Dietro i numeri delle migrazioni non ci sono statistiche, ma volti. Sono ragazzi che scappano da zone senza diritto dove scuole e ospedali non esistono più.
La pace non cade dall’alto. Non basta che tacciano le armi se non si disarmano prima i cuori e i linguaggi. Il nostro appello quest’anno non è solo per i governi, perché aprano corridoi umanitari e vie di negoziato, ma è rivolto a ciascuno di noi: la pace inizia quando smettiamo di considerare l’altro come un estraneo o, peggio, un nemico” dichiara Agostino Sella, presidente Don Bosco 2000.
Queste guerre, in Africa, in Europa e in Medio Oriente, sono un monito severo: la pace non nasce da sola e non è mai garantita una volta per tutte.
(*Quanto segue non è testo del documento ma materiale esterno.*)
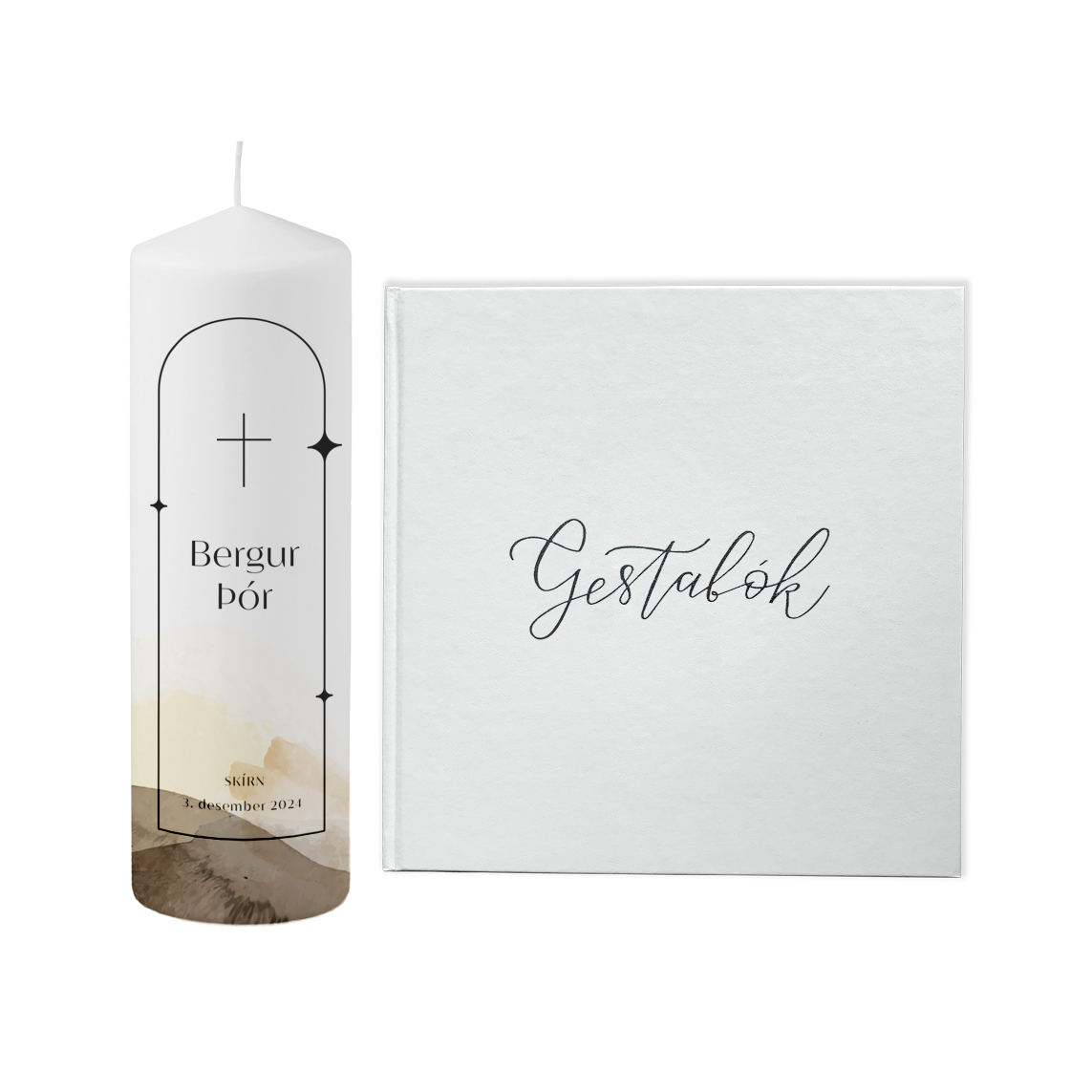 Skírnarpakki - "Stjörnur í boga + gestabók"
Chiede coraggio politico, ascolto reciproco, capacità di dialogo, ma anche la conversione profonda dei cuori, perché nessuna trattativa regge se resta l’odio nei linguaggi, nelle paure e nelle memorie collettive.
In questi territori difficili come il Mali, il Sudan, il Congo e altre aree segnate da violenza e instabilità bisogna lavorare per creare nuove opportunità, percorsi di riconciliazione e di sviluppo locale, perché la migliore prevenzione della guerra è una vita degna per tutti.
Bisogna diventare “artigiani di pace” nei gesti quotidiani, nell’accoglienza e nella scelta di non girarci dall’altra parte.